La admiración nace cuando el alma desea, a partir de los efectos, reconocer la causa. Es la puerta de todo recorrido metafísico, es decir, la primera mirada de la inteligencia, como el propio origen del vocablo indica: «dirigir la mirada hacia» (ad + mirar). Si de suyo un hermoso paisaje nos embelesa, ¿qué decir de la divina mirada del Redentor? Como sabemos, no obstante, muchos —como Judas— negaron esa sacratísima vista y prefirieron la ceguera del alma a los rayos del Sol de Justicia.

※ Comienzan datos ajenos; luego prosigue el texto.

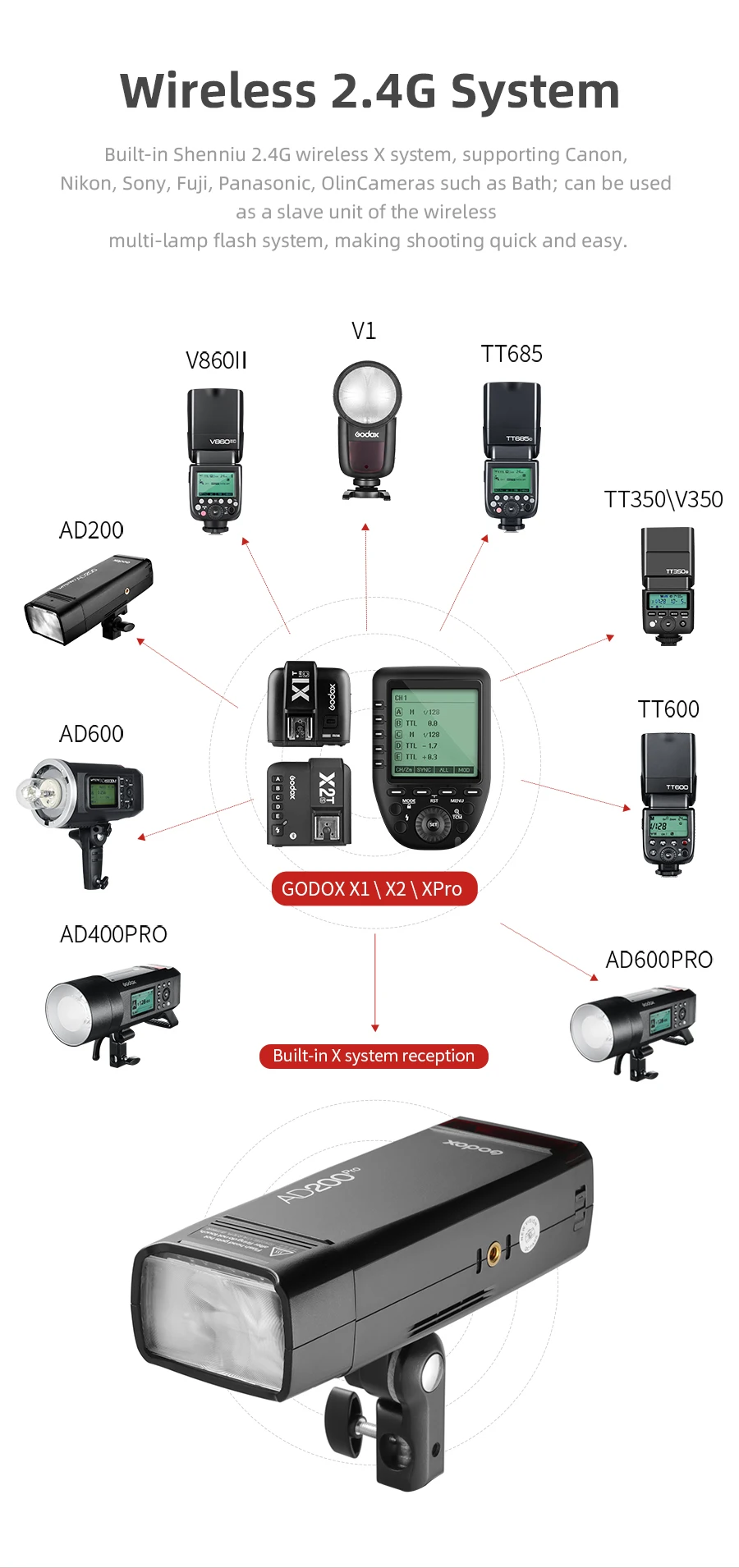 Напольный светильник-вспышка Godox AD200Pro 200Ws ttl 2,4G 1/8000 HSS 0,01-1,8 s с аккумулятором 2900mAh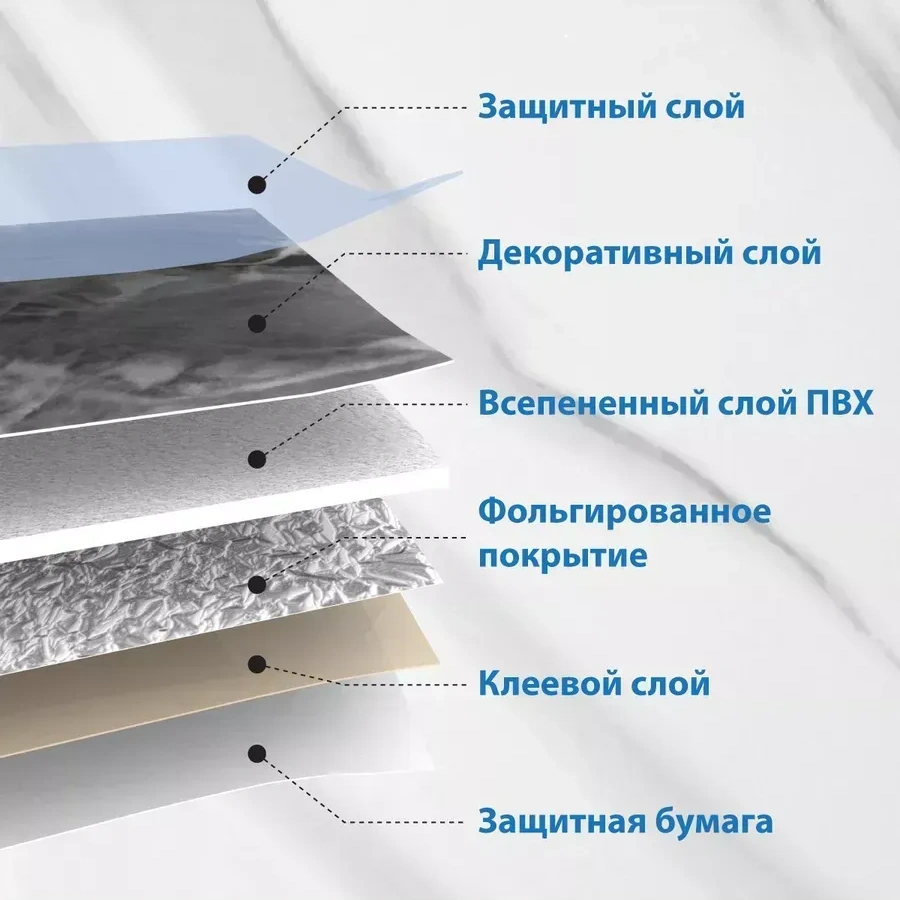 Steindorf Kendinden Yapışkanlı Panelli Duvar Kaplaması, 500x500x5 Mm, 10 Adet 302319741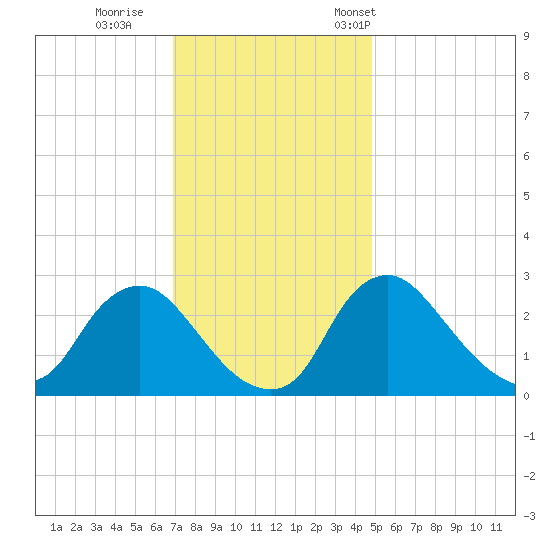 Anacostia River tide chart for Sunday, November 20, 2022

La Santísima Virgen, por el contrario, fue el arquetipo de las almas admirativas: en la Anunciación se hizo «esclava del Señor» porque el Salvador miró su humildad (Lc 1, 38), en la Visitación su espíritu exultó en Dios (cf. Lc 1, 47) y en el Nacimiento de Jesús pudo finalmente glorificar, junto con los ángeles, a la causa misma de la admiración. Entre estas tres mociones del alma de María —es decir, la esclavitud, la exultación y la glorificación a Dios—, la primera quizá sea la más crucial. En efecto, en la actitud de esclavitud ya se encontraba en germen su obediencia impar, su amor entrañado por su Hijo y, por fin, la entrega incondicional a los designios de la Providencia, esto es, a aquello que desde siempre la Trinidad previó («vio antes») para Ella.

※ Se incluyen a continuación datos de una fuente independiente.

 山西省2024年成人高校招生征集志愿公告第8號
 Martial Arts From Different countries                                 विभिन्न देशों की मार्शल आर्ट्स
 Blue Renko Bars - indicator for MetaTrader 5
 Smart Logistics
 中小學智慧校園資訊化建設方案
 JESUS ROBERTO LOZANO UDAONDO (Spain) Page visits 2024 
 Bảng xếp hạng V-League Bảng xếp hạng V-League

La historia de los santos, en particular la de los fundadores, tan sólo es el espejo de esa admiración primigenia y consecuente actitud de esclavitud. De hecho, fue bajo ese influjo que Mauro obedeció a su padre espiritual Benito para salvar a Plácido. Fue al contemplar las llagas del Poverello que una cohorte de almas se unió a Francisco, el «otro Cristo crucificado». Fue como de un vistazo que Don Bosco se admiró por la inocencia de Domingo Savio, llamándole cariñosamente de «buena tela» (delante de su madre que era costurera); y cuya respuesta del joven brotó como un flash: «yo soy la tela y usted el sastre: haga de mí un hermoso traje para el Señor».

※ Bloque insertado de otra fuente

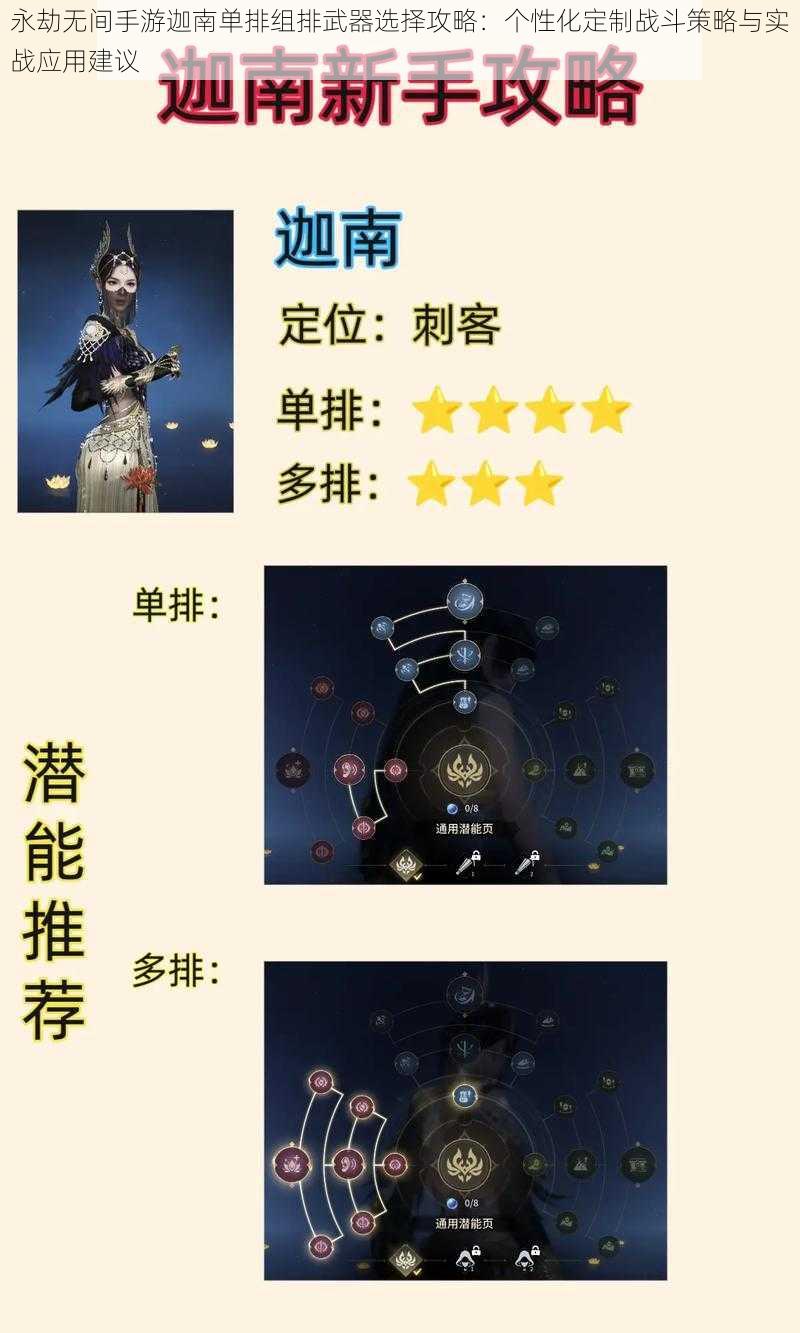 永劫无间手游迦南单排组排武器选择攻略:个性化定制战斗策略与实战应用建议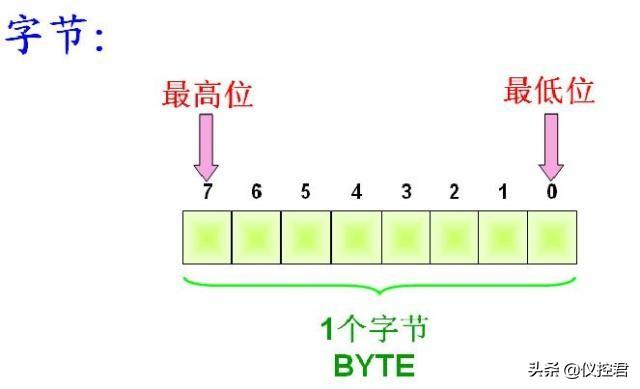 byte是什么数据类型_详解西门子PLC S7-200的数据类型-CSDN博客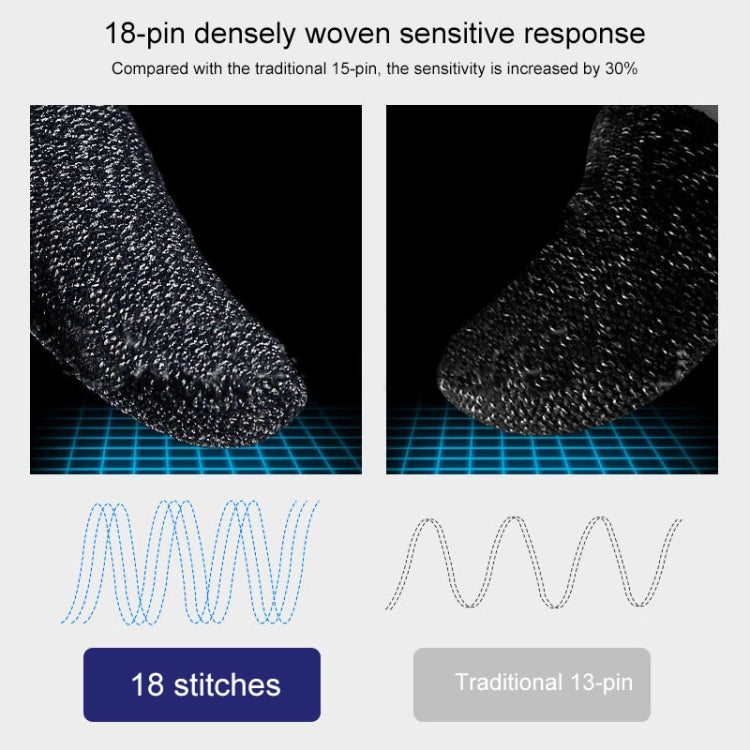 10 pezzi in nylon + fibra conduttiva antiscivolo a prova di sudore per telefono cellulare, touch screen, per pollice/indice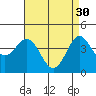 Tide chart for outer harbor, Los Angeles, California on 2023/04/30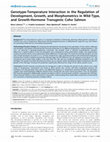 Research paper thumbnail of Genotype-Temperature Interaction in the Regulation of Development, Growth, and Morphometrics in Wild-Type, and Growth-Hormone Transgenic Coho Salmon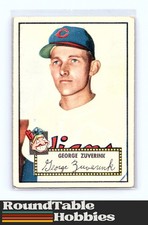 1952 Topps Rookie Cleveland Indians George Zuverink #199
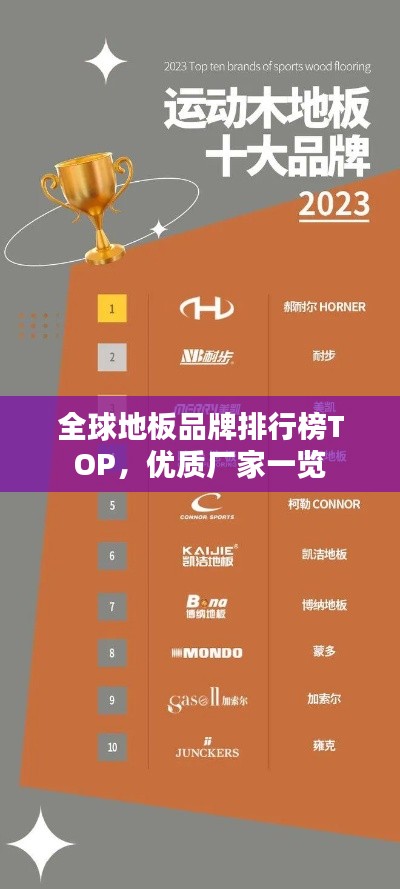 全球地板品牌排行榜TOP，优质厂家一览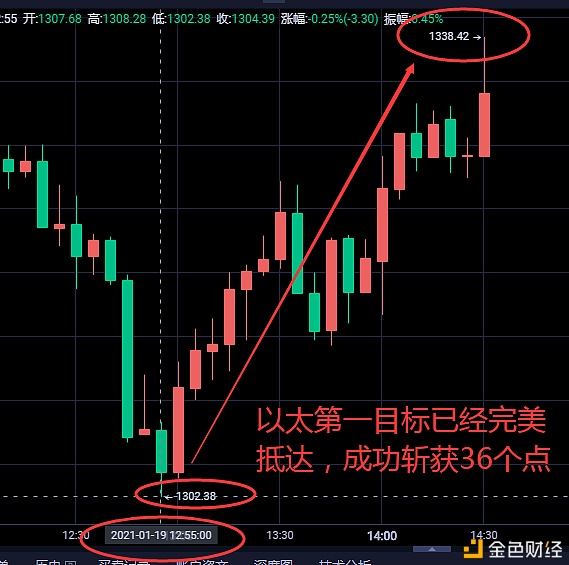 19日以太坊利润把握36个点落袋为安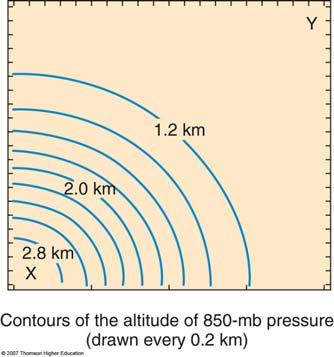 Mean sea-level pressure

Tras un 2020 tan conturbado, nuestro espíritu ciertamente anhela un año nuevo bien diferente. ¿Cómo será? No lo sabemos. Pero basta contemplar el ejemplo admirativo de María y de la constelación de almas bienaventuradas para constatar que un auténtico cambio de la sociedad sólo puede empezar con una conversión individual. Urge, por tanto, buscar una nueva «mirada», que se traduce en dar la espalda al egoísmo y a tantos otros vicios que nos impiden admirar. Y así, en todo momento, podremos rogarle al Altísimo con propiedad: «He aquí vuestro esclavo, hágase en mí vuestra voluntad».